Please note this guide is going to assume you have a basic understanding of virtual machines and Linux. If you’re unfamiliar, I will be linking to guides for everything, it may be worth reading through the basic setup guides for installing Linux inside of VirtualBox before you start.

Also please note that most of the ideas in this guide comes from Jeremy Thelen, I just had the time to type it up and make the VM

What is Nagios?

Nagios is an open source network monitoring tool, that lives in a Linux server. It can be either a physical server if you have one, or inside of a VM, and is accessed with a web gui. It can keep track of the status of most devices on your network, organize them by type, and keep logs so that you can know when something went down, or came back. In the case of Clear-Com Gear, for the most part I’m just going to demonstrate pings as the one module to use, but there are dozens of supported actions, including port availability for HTTP, SSH, SNMP monitoring, and more. For switches for example, it can give you all kinds of stats for usage, link status, etc.

Using this app, you can get a snapshot of the network status your system from any PC on the network, because it’s a web gui. As you can see here, I have my Nagios instance pinging my Eclipse Frame’s CPU NIC, each network card in my frame, both of my LQs, and my Netgear switch. Devices can be organized into groups for easy sorting, and it’s giving me close to real time updates about devices.

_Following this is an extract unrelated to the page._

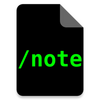 Note Terminal Notepad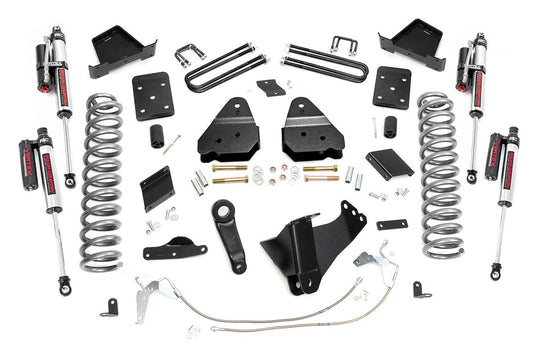 54950 6 Inch Lift Kit - Gas - OVLD - Vertex - Ford Super Duty 4WD (15-16) Rough Country Canada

When you are done, your dashboard should include your whole system, whether it be an Eclipse with IPAs, LQs, IPTs, etc, if it has a NIC, we can add it.

This can help you troubleshoot a particular device dropping off the network, find out how long a device has been up, or have confidence in a remote device staying connected over a long period of time. Network Monitoring software is a common tool used by IT professionals to see their system at a glance. There are many, arguably easier, to use options that aren’t free and open source. Nagios itself has a paid version called Nagios XI, but for our purposes, Nagios Core is simple, free, and gives us an easy way to track the network status of the entire system over time. But fair warning, if you’re not used to dealing with Linux and looking at JSON like configuration files, this could be a challenge.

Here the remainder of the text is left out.